--- THE INPUT Enclosed Below ---
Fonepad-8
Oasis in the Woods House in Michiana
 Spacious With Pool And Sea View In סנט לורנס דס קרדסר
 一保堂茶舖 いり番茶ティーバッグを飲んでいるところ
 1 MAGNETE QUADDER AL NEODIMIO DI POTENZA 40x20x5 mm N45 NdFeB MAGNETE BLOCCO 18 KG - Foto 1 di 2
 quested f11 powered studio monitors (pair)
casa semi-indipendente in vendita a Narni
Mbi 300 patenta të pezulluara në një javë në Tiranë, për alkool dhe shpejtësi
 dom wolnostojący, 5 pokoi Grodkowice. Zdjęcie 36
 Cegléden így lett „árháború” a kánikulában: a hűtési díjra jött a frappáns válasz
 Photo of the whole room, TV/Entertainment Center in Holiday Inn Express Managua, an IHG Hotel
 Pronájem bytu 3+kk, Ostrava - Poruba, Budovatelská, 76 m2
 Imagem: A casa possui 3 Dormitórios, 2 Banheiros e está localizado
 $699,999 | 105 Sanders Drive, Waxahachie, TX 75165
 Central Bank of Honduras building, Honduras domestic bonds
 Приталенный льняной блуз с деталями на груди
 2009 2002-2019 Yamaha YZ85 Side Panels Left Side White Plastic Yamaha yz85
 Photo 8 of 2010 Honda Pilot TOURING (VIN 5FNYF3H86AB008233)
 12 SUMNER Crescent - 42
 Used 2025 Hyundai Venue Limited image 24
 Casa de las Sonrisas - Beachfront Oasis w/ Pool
--- End of Enclosed THE INPUT ---
_THE TASK:_ Return every line of the preceding records in which the word "Pool" appears.

_RESPONSE TO THE TASK:_
 Spacious With Pool And Sea View In סנט לורנס דס קרדסר
 Casa de las Sonrisas - Beachfront Oasis w/ Pool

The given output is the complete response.